**Task details**:
Your task is to copy the lines from the line containing "Service Dog Harness, Reflective" through the end of the listing below, both included, without any pictures.
(Given material begins)
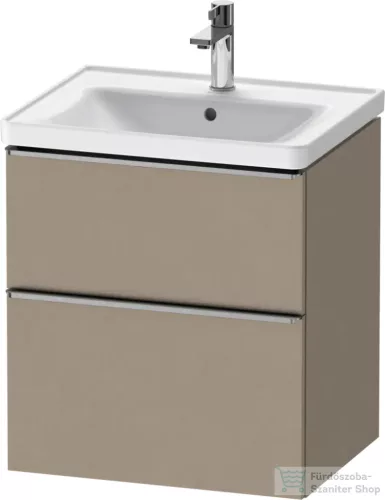 Duravit D-NEO 58,4x45,2 cm-es, 2 fiókos alsószekrény rozsdamentes acél színű fogantyúval 236760, vagy 241260 mosdóhoz, matt len DE4359070750000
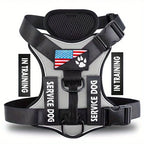 Service Dog Harness, Reflective Dog Vest with 5 PCS Patches, Adjustable Soft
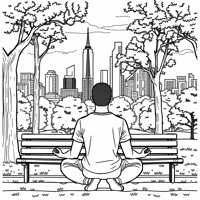 Outline Coloring Page 4k Afrolatino Man With Short... Coloring Page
(Given material ends)
**Response area**:
 Service Dog Harness, Reflective Dog Vest with 5 PCS Patches, Adjustable Soft
 Outline Coloring Page 4k Afrolatino Man With Short... Coloring Page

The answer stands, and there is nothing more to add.